Commissioners also recommended approval of updated master lease language about storing non-aeronautical items in hangars.

konshok field.jpg
Konshok Field, a.k.a. the Park Rapids Municipal Airport
Park Rapids Enterprise file photo

The Park Rapids Airport Commission voted Wednesday, April 2 to recommend raising hangar rents by 20%.

Discussion began with a summary of the airport account as of the end of 2024. City Administrator Angel Weasner reported that after about $265,201 in revenues, the airport was $77,020 under its revenue budget, but an upcoming journal entry moving $78,488 from property taxes into the airport account will put the revenues slightly over budget.

On the expense side, Weasner reported the airport has gone “way over budget” due to capital outlay to purchase snow removal equipment (SRE), since the city did not receive the grant money for the purchase until 2025. “We set it up as money receivable to us,” she said.

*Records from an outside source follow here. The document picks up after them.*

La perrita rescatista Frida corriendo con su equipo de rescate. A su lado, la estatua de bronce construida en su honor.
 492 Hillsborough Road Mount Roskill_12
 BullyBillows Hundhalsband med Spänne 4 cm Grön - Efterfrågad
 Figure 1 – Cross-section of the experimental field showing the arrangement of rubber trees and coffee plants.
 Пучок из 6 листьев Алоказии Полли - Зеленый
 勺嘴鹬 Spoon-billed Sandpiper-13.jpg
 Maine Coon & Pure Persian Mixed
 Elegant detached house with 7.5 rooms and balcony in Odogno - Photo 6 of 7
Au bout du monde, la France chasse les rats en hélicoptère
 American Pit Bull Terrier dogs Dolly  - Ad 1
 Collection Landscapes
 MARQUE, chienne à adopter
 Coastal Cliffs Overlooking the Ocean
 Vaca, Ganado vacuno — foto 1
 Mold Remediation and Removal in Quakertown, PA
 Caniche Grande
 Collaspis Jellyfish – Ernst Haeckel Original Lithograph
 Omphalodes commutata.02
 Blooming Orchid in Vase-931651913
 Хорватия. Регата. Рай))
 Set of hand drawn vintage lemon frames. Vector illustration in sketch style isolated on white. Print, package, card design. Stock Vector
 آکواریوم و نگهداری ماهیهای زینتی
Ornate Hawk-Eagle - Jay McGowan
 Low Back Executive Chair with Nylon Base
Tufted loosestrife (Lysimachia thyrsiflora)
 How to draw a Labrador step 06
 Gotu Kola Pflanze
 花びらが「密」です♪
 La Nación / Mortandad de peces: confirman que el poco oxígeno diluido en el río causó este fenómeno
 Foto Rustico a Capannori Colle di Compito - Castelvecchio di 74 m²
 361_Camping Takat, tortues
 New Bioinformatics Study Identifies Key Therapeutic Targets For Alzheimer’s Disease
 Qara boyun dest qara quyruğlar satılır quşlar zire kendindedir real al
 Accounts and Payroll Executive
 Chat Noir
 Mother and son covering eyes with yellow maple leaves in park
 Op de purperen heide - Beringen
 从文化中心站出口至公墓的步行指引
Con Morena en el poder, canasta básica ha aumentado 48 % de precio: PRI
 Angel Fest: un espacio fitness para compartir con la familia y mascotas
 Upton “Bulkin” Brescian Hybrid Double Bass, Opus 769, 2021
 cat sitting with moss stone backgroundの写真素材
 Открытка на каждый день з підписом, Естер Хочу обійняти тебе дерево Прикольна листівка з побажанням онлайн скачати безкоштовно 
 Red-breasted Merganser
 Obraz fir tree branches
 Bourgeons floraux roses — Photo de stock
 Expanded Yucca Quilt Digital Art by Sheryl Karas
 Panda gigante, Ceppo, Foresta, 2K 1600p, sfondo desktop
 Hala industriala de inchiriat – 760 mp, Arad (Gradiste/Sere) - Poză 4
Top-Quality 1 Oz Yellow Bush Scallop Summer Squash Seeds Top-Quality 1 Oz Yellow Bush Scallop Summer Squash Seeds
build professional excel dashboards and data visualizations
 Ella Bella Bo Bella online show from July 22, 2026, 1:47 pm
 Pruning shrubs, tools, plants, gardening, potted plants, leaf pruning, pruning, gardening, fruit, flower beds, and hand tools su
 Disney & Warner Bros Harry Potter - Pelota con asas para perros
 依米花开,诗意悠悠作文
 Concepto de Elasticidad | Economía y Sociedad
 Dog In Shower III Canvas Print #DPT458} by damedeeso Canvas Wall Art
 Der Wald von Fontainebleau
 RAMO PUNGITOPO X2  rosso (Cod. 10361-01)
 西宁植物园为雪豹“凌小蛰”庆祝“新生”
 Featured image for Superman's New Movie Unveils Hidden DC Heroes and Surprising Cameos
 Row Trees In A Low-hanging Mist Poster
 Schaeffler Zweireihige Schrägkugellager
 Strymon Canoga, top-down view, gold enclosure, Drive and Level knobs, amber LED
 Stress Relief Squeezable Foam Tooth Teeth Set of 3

Overall, she said, the airport was still running at a loss as of Dec. 31, 2024, with a negative cash balance of $126,110. Again, a lot of that is due to the SRE purchase and will be repaid; however, airport expenses continue to exceed revenue, she said.

Not including capital outlay, the airport had budgeted $342,000 for revenue and expenses on the year, Weasner said. In reality, however, revenues fell short.

For example, Weasner said, hangar rental revenues were budgeted at $170,000, but the city only collected $123,000 – a shortfall of about $46,000. She said some error must have crept into the budgeting process, but she did not know where.

To pay back the deficit covered by Park Rapids taxpayers, Weasner recommended raising hangar rents by $200 per year, estimating this would repay the $78,000 over a 10-year period.

“The council is not comfortable with using taxpayer money to fund the airport,” she said.

Is $200 a year enough?

“Where are we at in 10 years?” asked commissioner Craig Rossman. “(Costs are) not going down; they’re going up.”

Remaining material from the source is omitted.